Meunier et al [2007] investigated the long-term outcome of 100 patients 15 years after having been randomly allocated to primary repair (augmented or non-augmented) or non-surgical treatment of an anterior cruciate ligament (ACL) rupture [17]. The subjective outcome was similar between the groups, with no difference regarding activity level and knee-injury and osteoarthritis outcome score but with a slightly lower Lysholm score for the non-surgically treated group. This difference was attributed to more instability symptoms. The radiological osteoarthritis (OA) frequency did not differ between surgically or non-surgically treated patients, but if a meniscectomy was performed, two-thirds of the patients showed OA changes regardless of initial treatment of the ACL. There were significantly more meniscus injuries in patients initially treated non-surgically. Early ACL repair and also ACL reconstruction can reduce the risk of secondary meniscus tears which indirectly will decrease the incidence of osteoarthrosis
Fithian et al [2005] performed a prospective nonrandomized controlled trial to study the surgical risk factors that can be used to indicate whether reconstruction or conservative management is best for an individual patient [18]. Patients were classified as high, moderate, or low risk using preinjury sports participation and knee laxity measurements. Early phase conservative management resulted in more late phase meniscus surgery than did early phase reconstruction at all risk levels. Early- and late-reconstruction patients' Tegner scores increased from presurgery to follow-up but did not return to preinjury levels. Early-reconstruction patients had higher rates of degenerative change on radiographs than did nonreconstruction patients. They concluded that early phase reconstruction reduces the late phase knee laxity, risk of symptomatic instability, and the risk of late meniscus tear and surgery. Moderate- and high-risk patients had similar rates of late phase injury and surgery. Reconstruction did not prevent the appearance of late degenerative changes on radiographs.
CONCLUSION
Present literature suggest following guidelines
* Conservative treatment for isolated ACL tear gives good long term results although with slightly higher risk of secondary meniscal injury.

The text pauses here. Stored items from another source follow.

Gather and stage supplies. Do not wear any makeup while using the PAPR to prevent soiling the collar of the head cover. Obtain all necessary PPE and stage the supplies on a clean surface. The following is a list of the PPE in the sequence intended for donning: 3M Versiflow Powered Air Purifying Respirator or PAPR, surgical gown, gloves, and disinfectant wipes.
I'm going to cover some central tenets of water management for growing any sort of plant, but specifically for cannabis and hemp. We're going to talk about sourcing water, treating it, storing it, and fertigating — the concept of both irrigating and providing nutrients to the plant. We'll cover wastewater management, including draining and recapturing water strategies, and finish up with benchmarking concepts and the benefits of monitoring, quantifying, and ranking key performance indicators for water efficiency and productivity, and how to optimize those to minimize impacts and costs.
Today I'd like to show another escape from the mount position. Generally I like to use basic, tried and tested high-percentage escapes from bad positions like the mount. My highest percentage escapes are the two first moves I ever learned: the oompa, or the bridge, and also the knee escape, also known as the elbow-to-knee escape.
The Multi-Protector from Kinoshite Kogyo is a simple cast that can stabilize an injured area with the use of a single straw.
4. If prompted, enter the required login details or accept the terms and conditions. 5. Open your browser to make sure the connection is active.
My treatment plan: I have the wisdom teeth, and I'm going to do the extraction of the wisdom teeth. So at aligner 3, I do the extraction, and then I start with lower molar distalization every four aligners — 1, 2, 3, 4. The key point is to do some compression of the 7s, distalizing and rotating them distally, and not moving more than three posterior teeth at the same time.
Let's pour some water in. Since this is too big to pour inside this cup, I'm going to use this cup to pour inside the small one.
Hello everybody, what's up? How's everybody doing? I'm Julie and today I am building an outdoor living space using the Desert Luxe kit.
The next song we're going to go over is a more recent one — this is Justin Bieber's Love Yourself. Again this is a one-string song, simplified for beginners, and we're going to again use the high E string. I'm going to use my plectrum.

* Primary ACL reconstruction is absolutely indicated in following scenarios
- associated meniscal injury
- High preinjury activity level
* delayed ACL reconstruction is recommended for patients with symptomatic instability
* ACL reconstruction has no effect on appearance of degenerative changes on radiographs
FUTURE PROSPECTS
We agree with Cochrane database study that there is a need for good quality, and well reported, randomized trials evaluating the effectiveness and cost-effectiveness of current methods of surgical treatment versus non-surgical treatment. The follow up of such trials should be at least 10 years so that the long term effects including degenerative changes can be established.